Firstly getting $14M of it's own revenues out of $38M isn't a great boast. (especially when $38M is very much on the small side)

There is also the not insubstantial point that gross revenue matters a lot less than net revenues, and GWS spends an awful lot earning that money. For example in earning $1.25M in 'membership and merchandise', GWS *PAID* $2.16M in related expenses....Yes, they lose, substantially, on members

You also need to consider that such revenue isn't all 'new money'...How much of that membership/sponsorship would have gone to Sydney (or other clubs)? nb. This is both directly, and by forcing them out of media time they would otherwise have had.

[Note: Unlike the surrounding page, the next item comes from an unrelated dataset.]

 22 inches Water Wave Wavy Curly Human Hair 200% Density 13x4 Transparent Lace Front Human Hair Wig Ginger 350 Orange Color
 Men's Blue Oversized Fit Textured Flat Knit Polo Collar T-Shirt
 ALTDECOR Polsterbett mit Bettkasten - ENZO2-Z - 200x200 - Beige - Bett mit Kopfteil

Now, that's all fine in that it's basically the AFL paying to grow the market share as part of a long term strategy. But don't try and paint it as a massive achievement. It's still very early days, and much of what GWS has, even it's supposedly 'own revenues' is merely what the AFL keeps pushing at them.
I'm not "boasting" about anything. I was demonstrating the absurdity of using an A League franchise as a reference point. The AFL has its costs well under control and so can gap fund new clubs in new markets for decades and decades while they establish

The Giants, in their fifth season, were basically self-funding their non-football department costs, including admin, rental and very aggressive marketing. The ~$23 million the AFL provided (including match receipts and prize money for finishing in the final four) essentially covered their football department. The ~$10 to $12 million of this in addition to base distribution (and cba requirement) represents 1/40th of the new tv rights value. Private "investment" does not even come into the equation.

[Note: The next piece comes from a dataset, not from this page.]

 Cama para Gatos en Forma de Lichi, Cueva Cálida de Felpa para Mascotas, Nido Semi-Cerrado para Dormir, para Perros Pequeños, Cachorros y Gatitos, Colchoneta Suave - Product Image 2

You are right though that if this discussion was about whether or not the Giants were a commercial success after 6 years, you wouldn't just consider gross revenue and you would need to consider how much of it is offset by reductions in other clubs / AFL revenues. Happy to have that overall discussion another time. We might even be able to have that discussion while acknowledging what is fact and what is conjecture and assertion

Point is, this thread is essentially conjecture about the next four possible clubs. I have repeatedly premised that IMHO the Giants would have to have "solidified" as a club for Newcastle to be a plausible option. In 20 to 25 years, I think there is every chance it would have.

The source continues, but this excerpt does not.